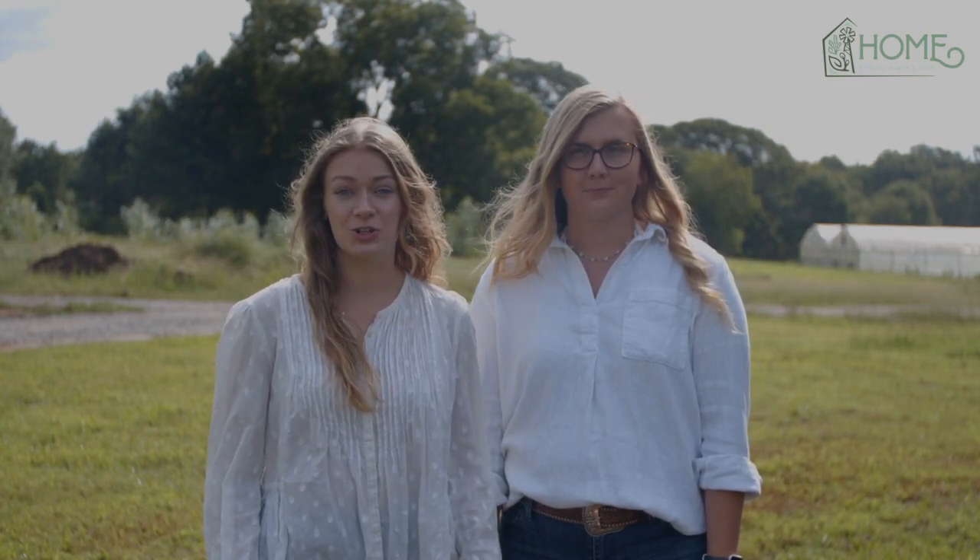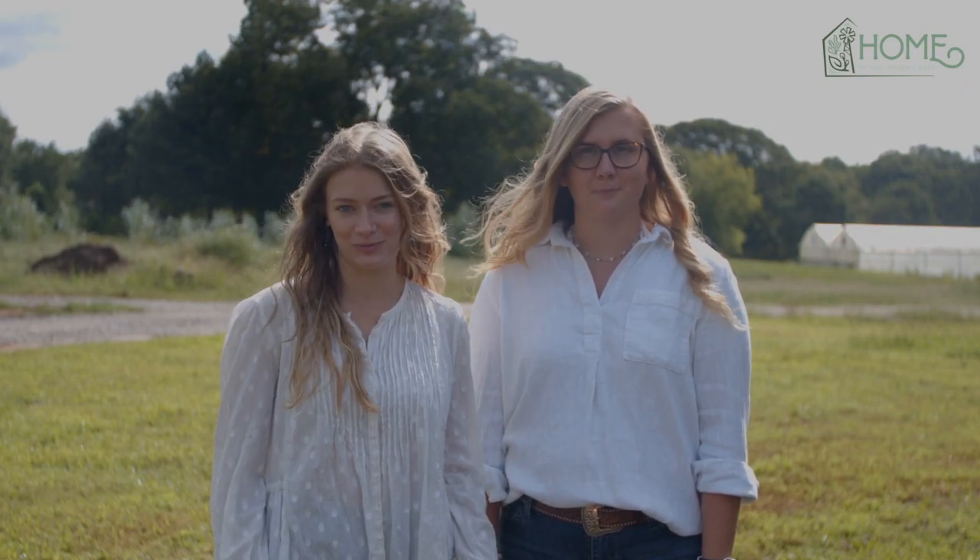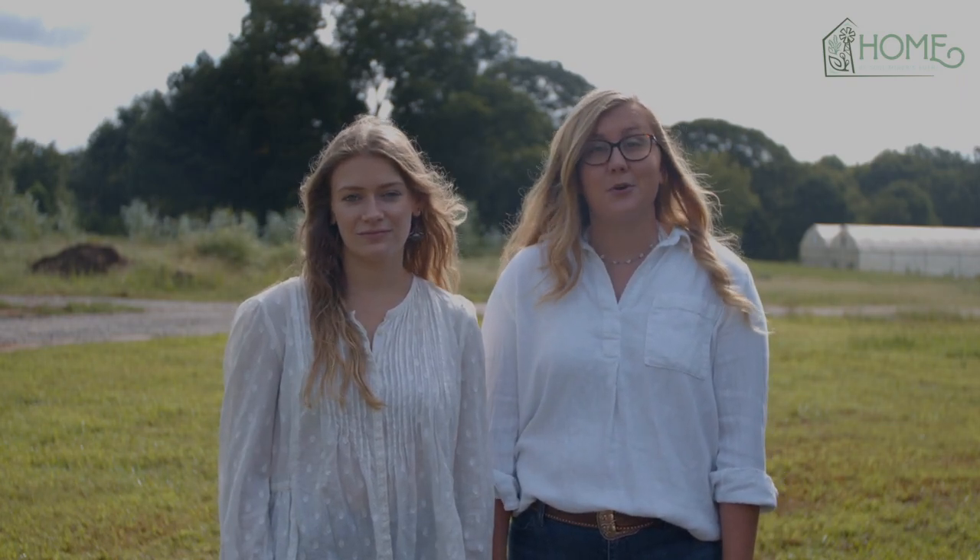We partnered with Southland Organics to create Home so that we can make all natural products available for urban gardens and backyard chicken coops. We know that it's the living elements that make your space a home, whether it's a coop full of beautiful Orpington chickens or a lovely parted herb garden. We worked with Southland Organics to craft two special bundles: Bloom for plants and Roost for chickens.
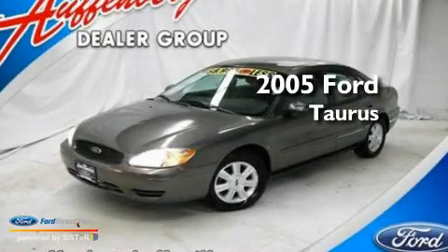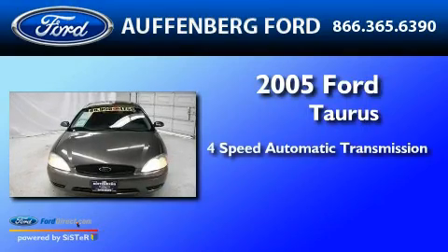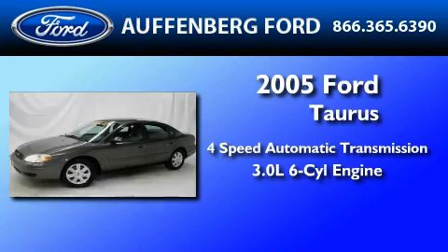This is a 2005 Ford Taurus. This four-door sedan has a four-speed automatic transmission and a 3.0-liter V6.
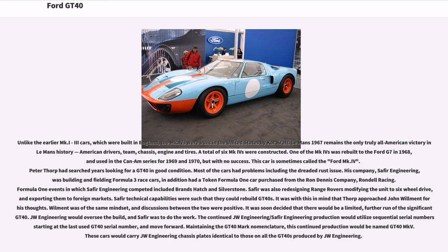One of the MK4s was rebuilt to the Ford G7 in 1968 and used in the Can-Am series for 1969 and 1970, but with no success. Peter Thorpe had searched years looking for a GT40 in good condition, as most cars had problems including the dreaded rust issue. His company, Saffir Engineering, was building and fielding Formula 3 race cars and also had a Formula One car purchased from the Ron Dennis company, Rondel Racing. Formula One events in which Saffir Engineering competed included Brands Hatch and Silverstone. Saffir was also redesigning Range Rovers to six-wheel drive and exporting them to foreign markets. With these technical capabilities, Thorpe approached John Willment for his thoughts, and it was soon decided there would be a limited further run of the GT40.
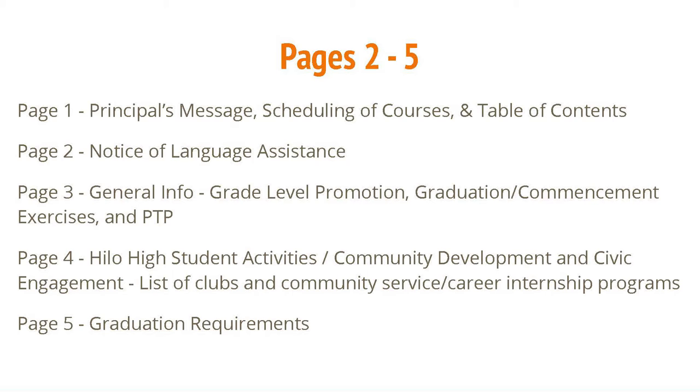On page 4, Hilo High Student Activities, Community Development and Civic Engagement, listing the Clubs and Community Service Career Internship Programs. Page 5, Graduation Requirements.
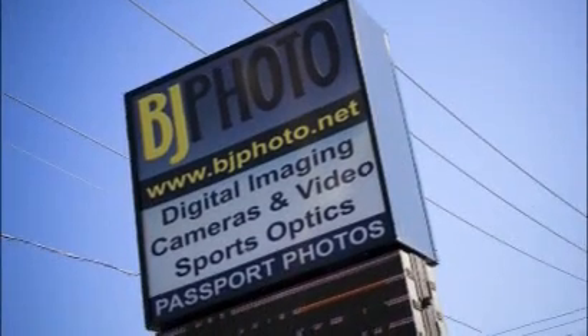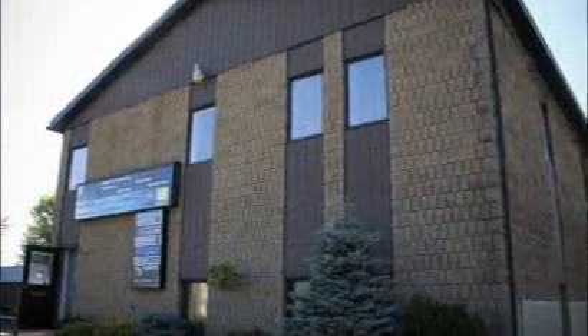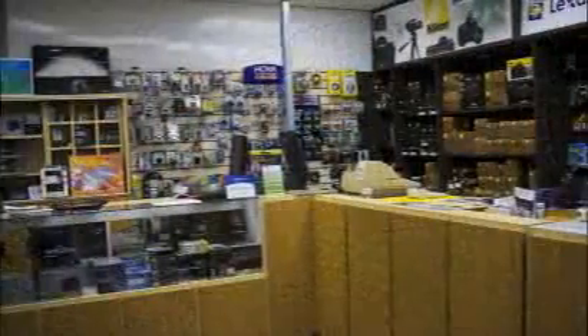Since 1984, BJ Photo Lab has been providing the Waterloo area with a range of photo and digital services and supplies.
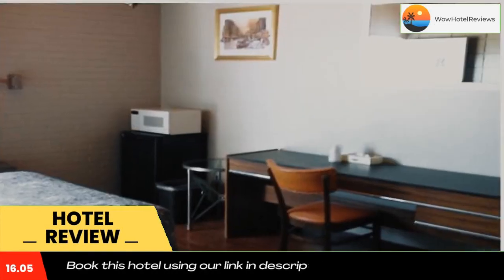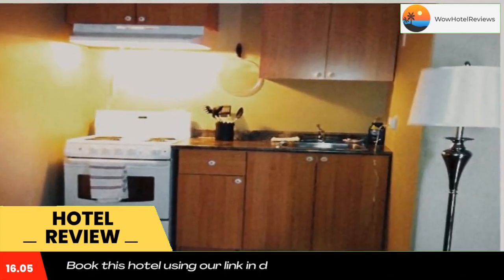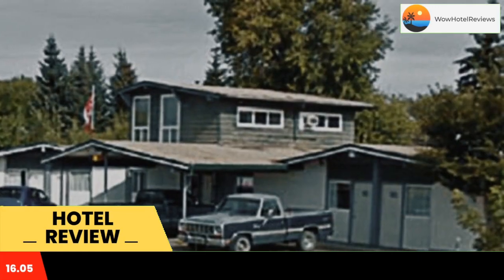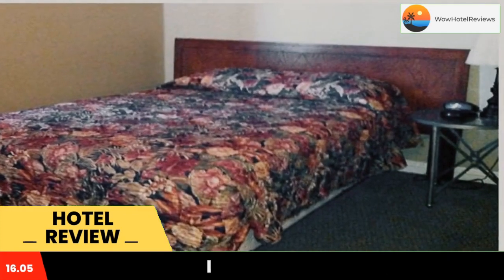The motel also has free Wi-Fi and free private parking. The rooms come with air conditioning, a flat screen TV with cable channels, a fridge, a coffee machine, a shower, free toiletries, and a desk.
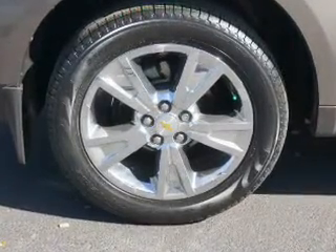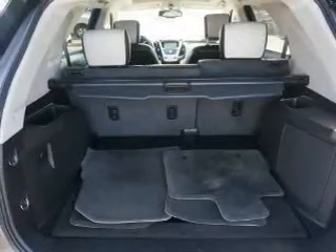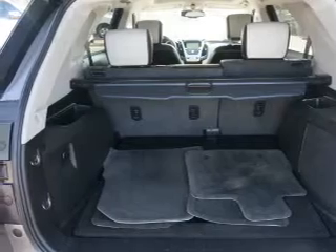Curtain head airbags, front airbags, side airbags, parking sensors, and child safety locks.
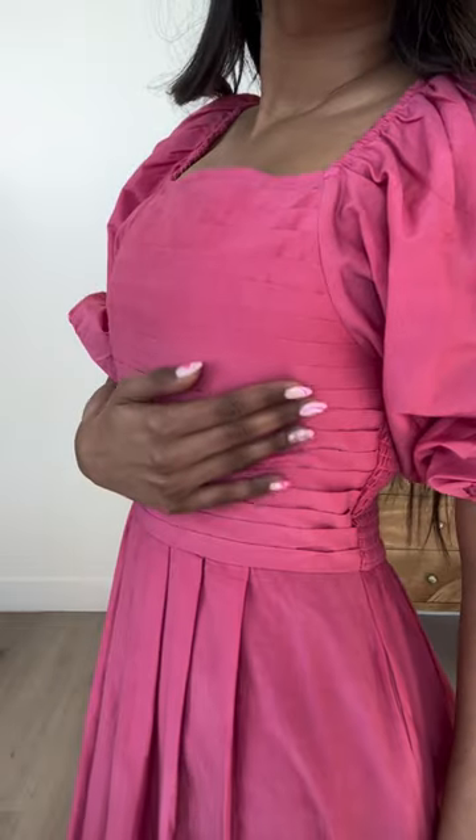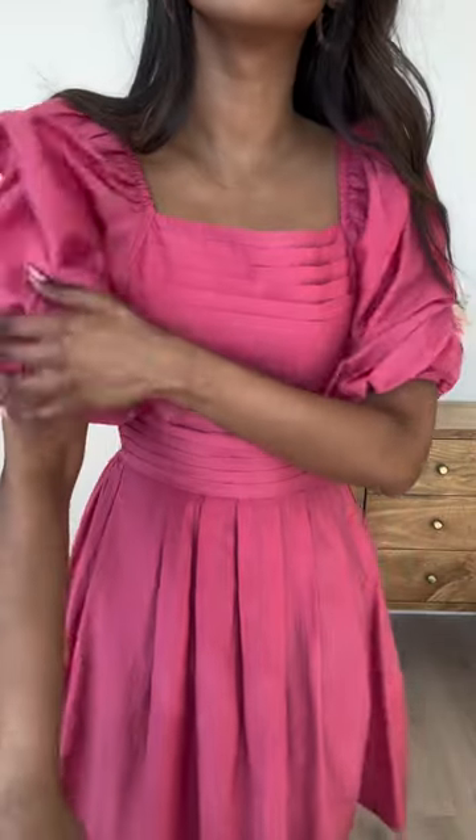The details of this bodice are so stinking cute, with the ruffle bodice and then the puff sleeves with the elastic closure towards the elbow and up on the shoulders. That's going to make it nursing friendly and just more comfortable. The skirt is fully lined, so it's not going to be see-through.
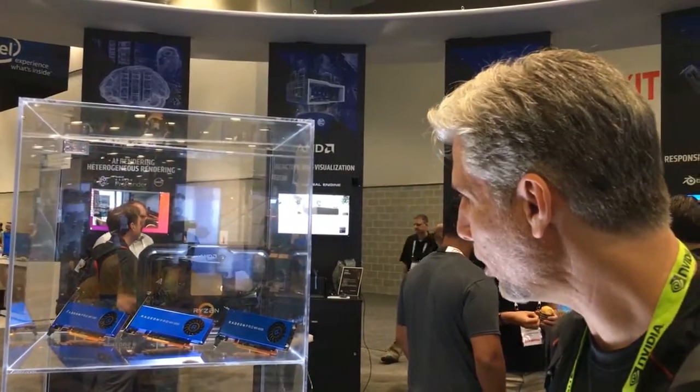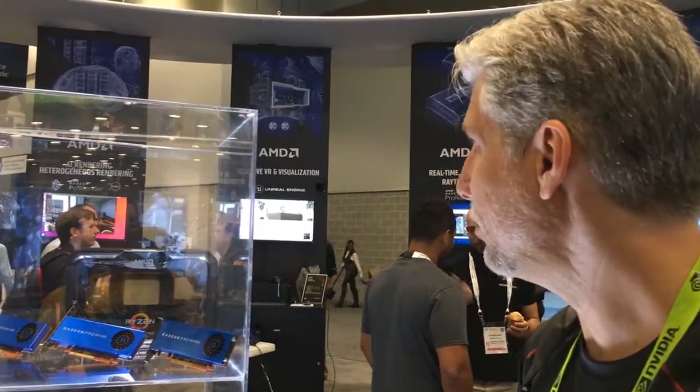So we've got a lot of cards here. We're going to take a look at Radeon Pro Render in a second. Adam, thanks a lot for running us through these.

**Exercise details:**
Start with the line with "Since 1984, BJ" in the listing above and stop after the line with "The details of". Write out exactly the lines in that stretch and no others, without pictures.

**Solution to this problem:**
Since 1984, BJ Photo Lab has been providing the Waterloo area with a range of photo and digital services and supplies.
The motel also has free Wi-Fi and free private parking. The rooms come with air conditioning, a flat screen TV with cable channels, a fridge, a coffee machine, a shower, free toiletries, and a desk.
Curtain head airbags, front airbags, side airbags, parking sensors, and child safety locks.
The details of this bodice are so stinking cute, with the ruffle bodice and then the puff sleeves with the elastic closure towards the elbow and up on the shoulders. That's going to make it nursing friendly and just more comfortable. The skirt is fully lined, so it's not going to be see-through.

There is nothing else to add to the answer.